Quand on pense aux différents appareils et véhicules se trouvant dans l’espace, on pense d’abord aux fusées, aux satellites, aux rovers ou encore à la station spatiale internationale, mais rarement à la voile solaire. « C’est un engin qui se déplace dans l’espace à l’aide de la pression photonique ou, pour faire simple, grâce à la lumière émise par le soleil, explique Simon. Il faut s’imaginer une sorte de grande voile carrée – celle sur laquelle nous avons travaillé est un grand carré de 7 mètres sur 7 mètres, par exemple – dont le but premier est de voyager dans l’espace à moindre coût en utilisant simplement l’énergie du soleil et aucun autre moyen de propulsion. » Une façon de voyager dans l’espace plus durable.

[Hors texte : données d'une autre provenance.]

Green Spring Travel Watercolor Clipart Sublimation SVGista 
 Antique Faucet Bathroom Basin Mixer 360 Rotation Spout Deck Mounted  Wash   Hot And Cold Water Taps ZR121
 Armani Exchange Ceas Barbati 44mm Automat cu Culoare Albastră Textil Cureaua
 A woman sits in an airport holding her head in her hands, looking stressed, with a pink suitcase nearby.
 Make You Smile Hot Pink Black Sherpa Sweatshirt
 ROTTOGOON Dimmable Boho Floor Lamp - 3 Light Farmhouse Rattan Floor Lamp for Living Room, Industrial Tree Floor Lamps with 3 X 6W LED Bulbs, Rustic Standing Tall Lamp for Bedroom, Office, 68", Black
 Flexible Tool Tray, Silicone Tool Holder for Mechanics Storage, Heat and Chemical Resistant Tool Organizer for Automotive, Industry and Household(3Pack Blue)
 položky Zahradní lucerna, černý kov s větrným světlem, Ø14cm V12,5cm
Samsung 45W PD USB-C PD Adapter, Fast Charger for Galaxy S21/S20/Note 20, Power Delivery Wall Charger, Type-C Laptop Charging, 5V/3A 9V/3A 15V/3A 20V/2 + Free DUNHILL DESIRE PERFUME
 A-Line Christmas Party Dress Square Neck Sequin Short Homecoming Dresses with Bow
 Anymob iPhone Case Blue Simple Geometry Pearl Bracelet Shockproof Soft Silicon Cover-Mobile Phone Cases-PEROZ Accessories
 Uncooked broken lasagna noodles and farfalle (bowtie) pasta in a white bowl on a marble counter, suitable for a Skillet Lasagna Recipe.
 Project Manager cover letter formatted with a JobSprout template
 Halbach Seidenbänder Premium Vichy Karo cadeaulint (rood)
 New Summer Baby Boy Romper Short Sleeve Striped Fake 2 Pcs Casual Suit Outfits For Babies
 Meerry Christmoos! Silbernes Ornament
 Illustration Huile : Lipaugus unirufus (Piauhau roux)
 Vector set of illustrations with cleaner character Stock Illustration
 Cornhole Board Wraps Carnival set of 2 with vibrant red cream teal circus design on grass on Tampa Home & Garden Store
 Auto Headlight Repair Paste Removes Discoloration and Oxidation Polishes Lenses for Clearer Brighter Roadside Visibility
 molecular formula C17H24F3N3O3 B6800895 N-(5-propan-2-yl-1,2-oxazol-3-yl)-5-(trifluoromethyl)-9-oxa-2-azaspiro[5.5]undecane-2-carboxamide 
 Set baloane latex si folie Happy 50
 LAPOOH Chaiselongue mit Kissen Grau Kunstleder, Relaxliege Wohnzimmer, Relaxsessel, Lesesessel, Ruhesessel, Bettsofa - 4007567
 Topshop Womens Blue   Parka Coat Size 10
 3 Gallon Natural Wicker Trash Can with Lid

La voile solaire, une innovation qui se dévoile petit à petit
Pensée comme une réelle alternative aux propulsions chimique, nucléaire ou électrique, la propulsion de la voile solaire est également la seule qui permettrait d’atteindre des vitesses proches de celle de la lumière. « Bien sûr, on mettrait plusieurs années avant d’accélérer jusqu’à de telles vitesses, mais c’est possible, affirme Esteban. En effet, une voile solaire peut atteindre la moitié de la vitesse de la lumière simplement avec une accélération continue sur plusieurs années via la pression des photons. » Cette prouesse pourrait être cruciale pour de lointaines missions cherchant à aller d’un système solaire à un autre. Mais alors, face à de tels arguments, pourquoi ne parle-t-on pas davantage des voiles solaires ? Tout simplement parce qu’à l’image de son accélération prenant plusieurs années, cet engin a, lui aussi, dû prendre son mal en patience pour attirer l’attention de plus en plus d’acteurs de l’espace. Il aura ainsi fallu 2010 pour voir le premier lancement à ce jour d’une voile solaire avec celui de la voile japonaise Ikaros. Et même si la voile solaire ne jouit pas (encore) d’une immense popularité auprès du grand public, elle peut tout de même compter sur de solides soutiens dans la communauté scientifique.
Simon, Elise et Esteban
La connexion de La Réunion
Polytechnicien passé par le CNES, l’ingénieur Guy Pignolet est l’un des plus fervents défenseurs de la voile solaire et de la propulsion photonique. Véritable expert en la matière, il donne régulièrement des conférences sur le sujet à travers le monde et se trouve être à l’origine de l’Union pour la Promotion de la Propulsion Photonique (U3P), une association active depuis 40 ans afin de justement faire la lumière sur ce procédé utilisant celle du soleil. En outre, Guy Pignolet est aussi une figure réunionnaise importante. En plus d’avoir conçu le drapeau officieux de l’île (qui possède même son émoticône), il œuvre pour y développer le secteur du spatial et n’hésite jamais à transmettre son goût des sciences aux nouvelles générations… dont font partie Esteban et Simon, tous deux également originaires du département français niché dans l’océan Indien : ils rencontreront le scientifique pour leur projet à mener au lycée – le premier s’intéressant alors déjà à la propulsion photonique, le second à la terraformation de mars –, ce qui les mènera à participer grâce à lui à leur premier Congrès international d’astronautique (IAC) en 2017 avant, quelques années plus tard, à se lancer dans un Projet Master IPSA ambitieux avec Elise à leurs côtés.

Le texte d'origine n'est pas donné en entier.